そんなときは、例えばサブドメインをRoute53に委任したりなどで対応しましょう。さすがにAWSのRoute53上ならば問題なくレコードの情報を入力できます。
結構酷い罠だなと思ったので使う人には知っておいて欲しい点です。
留意点2
世の中には他社や他部署にレコードの登録をお願いするみたいなフローが発生することもあるかと思いますが、そのときに気になるのがレコードに存在する有効期限です。
72時間以内に登録しないとダメと書いてあるので、のろのろしているとアウトな感じがして焦りそうになりますが、実際は有効期限が切れた後にレコードの情報を再発行しても同じ情報が出力されます。
このため、有効期限以内に担当者が対応してくれなかった…となっても大丈夫だったりします(現状の仕様ならば)。
インスタンスロール
App Runnerの設定でインスタンスロールを選ぶことができます。
このため、いざロールを作ろうとコンソールを開いたはいいものの、「AWSのサービス」のエンティティタイプのユースケースからはApp Runnerが選べません…。
なぜかApp Runner向けのものは用意されていないので、「カスタム信頼ポリシー」のエンティティタイプを選択して次の内容をポリシーとして与える感じになります。
{
"Version": "2012-10-17",
"Statement": [
{
"Effect": "Allow",
"Principal": {
"Service": "build.apprunner.amazonaws.com"
},
"Action": "sts:AssumeRole"
}
]
}
カスタムVPC
App Runnerによってデプロイされたシステムのインスタンスが存在するのはどこか謎のVPCになるっぽいのですが、自分で用意したプライベートサブネット上のDBなどに接続したいときに困ってしまいます。

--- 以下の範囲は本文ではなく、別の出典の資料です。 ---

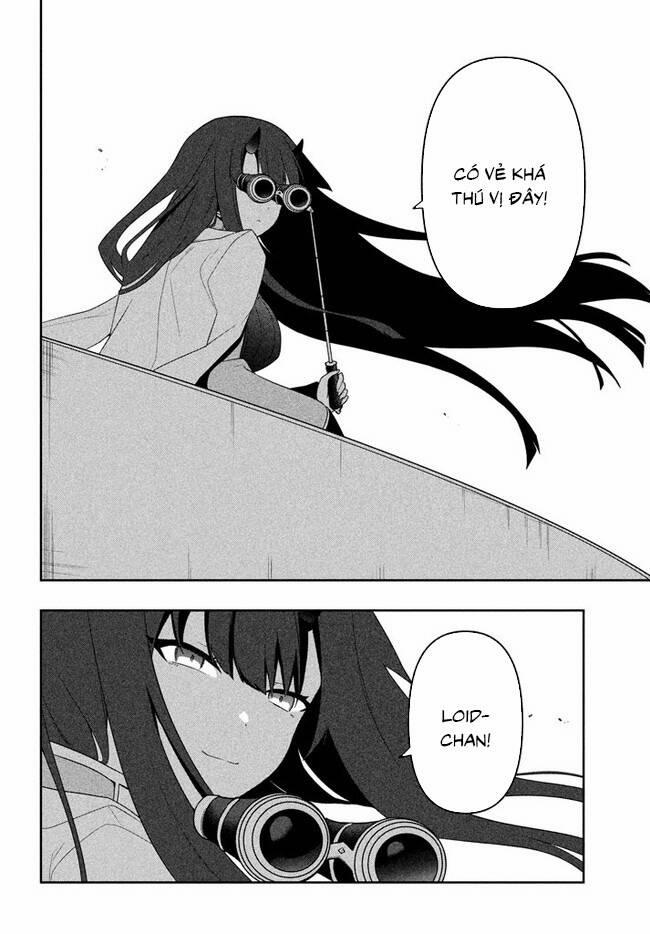 Tôi Chuyển Sinh Và Còn Nhận Được Tình Cảm Của 6 Cô Công Chúa 19 trang 20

これへの対応としてカスタムVPCという仕組みがあり、これを使うとプライベートなサブネットにも触りにいけるようになります。
留意点1
カスタムVPCを使うとインスタンスのアウトバウンドが指定したサブネット経由になります。
このため、プライベートなサブネットの場合に外部との通信が必要ならばNATが必要になりますので気をつけましょう。正直NATは高いので避けたいですが…。
留意点2
カスタムVPCを使うときにVPCコネクタという謎の概念が出てきますが、このVPCコネクタにVPCとサブネットを設定することになります。
紐づけるサブネットの変更が後からはできないはずなので気をつけましょう。
間違って作ってしまった場合はaws cliのdelete-vpc-connectorで削除しましょう。
ただ、削除したいVPCコネクタがApp Runnerに設定されていると消せなかったと思うので、この場合はApp Runnerのサービス自体を消したりちょっと回りくどい感じになるかと思います。